> _Work request_
Repeat the listing exactly. Do not carry over any pictures.

> _Data segment_
==*==
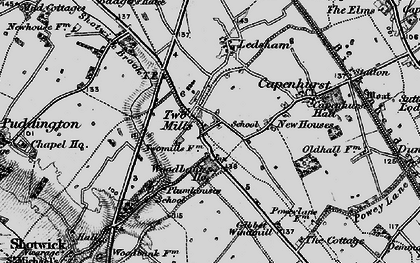 Old map of Two Mills in 1896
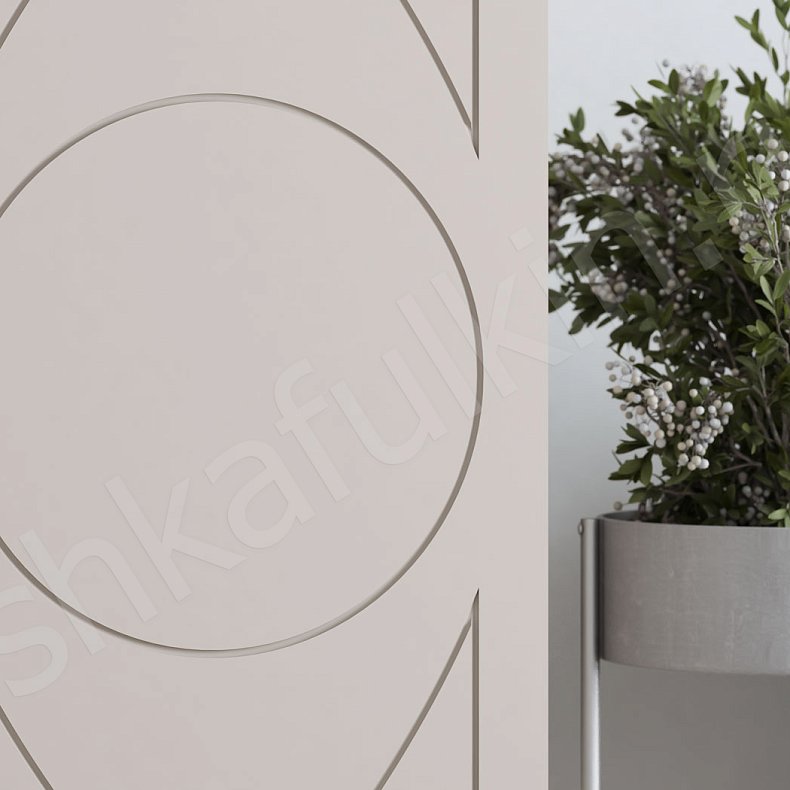 Изображение Шкаф Ализе Коричневый Светлые Неоклассика 3х створчатые Гостиная Для вещей 8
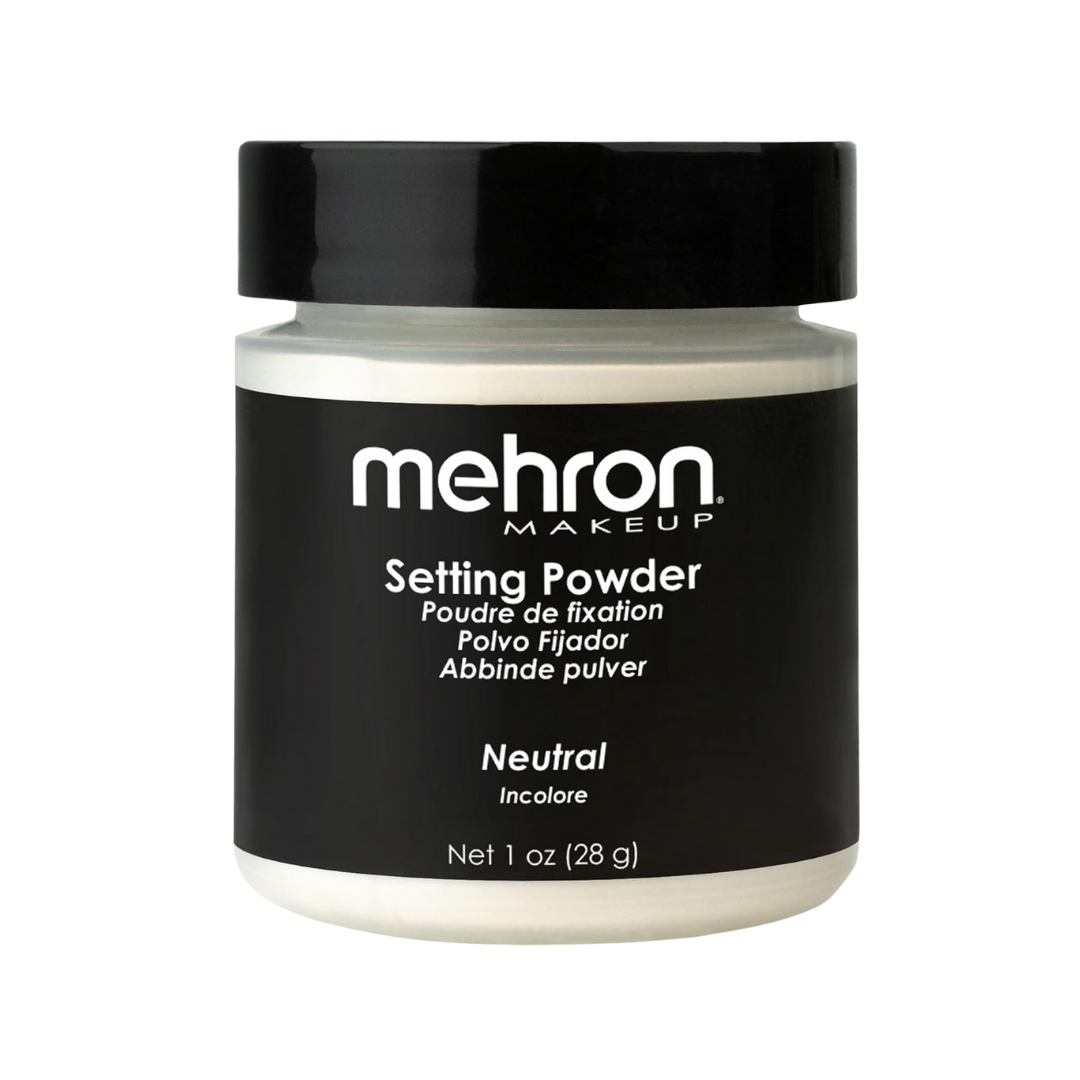 Mehron Makeup Setting Powder Neutral Shade, 1 oz / 28 g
==*==
> _Result_
 Old map of Two Mills in 1896
 Изображение Шкаф Ализе Коричневый Светлые Неоклассика 3х створчатые Гостиная Для вещей 8
 Mehron Makeup Setting Powder Neutral Shade, 1 oz / 28 g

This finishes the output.